▸ **Crawled caption data**:
Segment Open

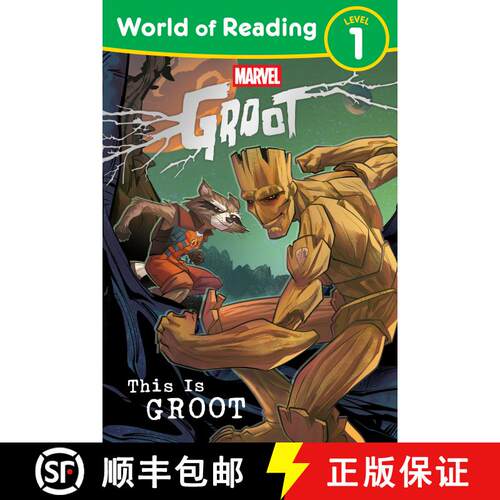 【3-4周达】World of Reading: This Is Groot [9781368104654]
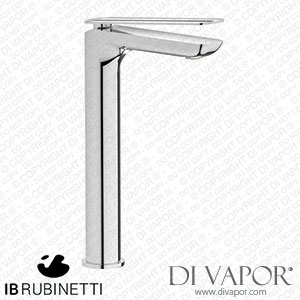 IB Rubinetti K2202CC K2 Tall Monohole Washbasin Mixer Complete with Drain Spare Parts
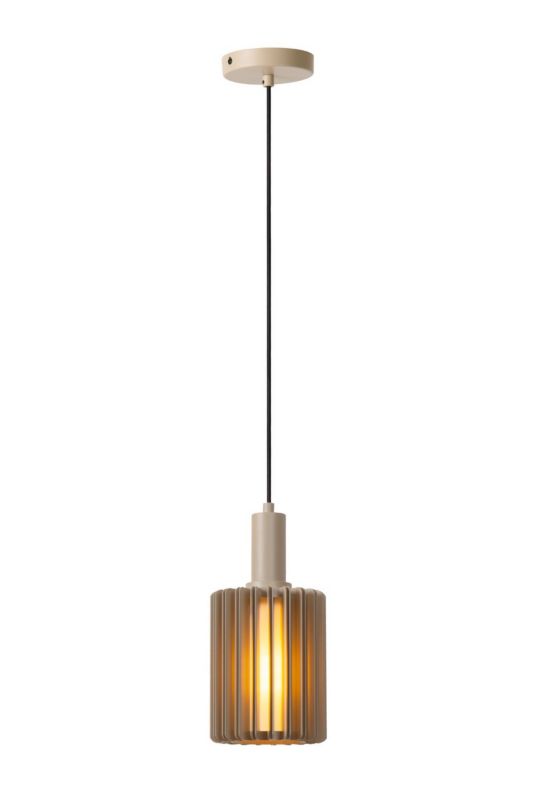 Lampa wisząca aluminiowe lamelki Lucide LAMBRES szara 1xE27x40W IP20 wym:150x15x15cm - 1 szt.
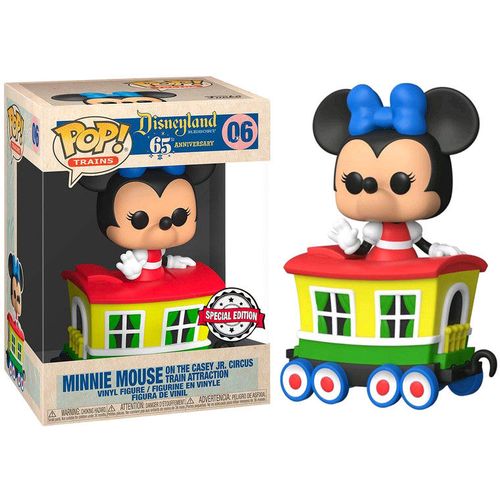 POP figure Disney Train Casey Jr- Minnie in Car 6 Exclusive slika 3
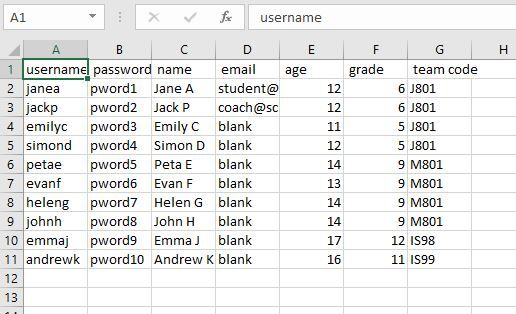 FPSOnline Sample csv file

Segment Closed

▸ **WHAT TO WORK ON**: Leave the pictures out and output all of the data verbatim.

▸ **WORKED SOLUTION**:
 【3-4周达】World of Reading: This Is Groot [9781368104654]
 IB Rubinetti K2202CC K2 Tall Monohole Washbasin Mixer Complete with Drain Spare Parts
 Lampa wisząca aluminiowe lamelki Lucide LAMBRES szara 1xE27x40W IP20 wym:150x15x15cm - 1 szt.
 POP figure Disney Train Casey Jr- Minnie in Car 6 Exclusive slika 3
 FPSOnline Sample csv file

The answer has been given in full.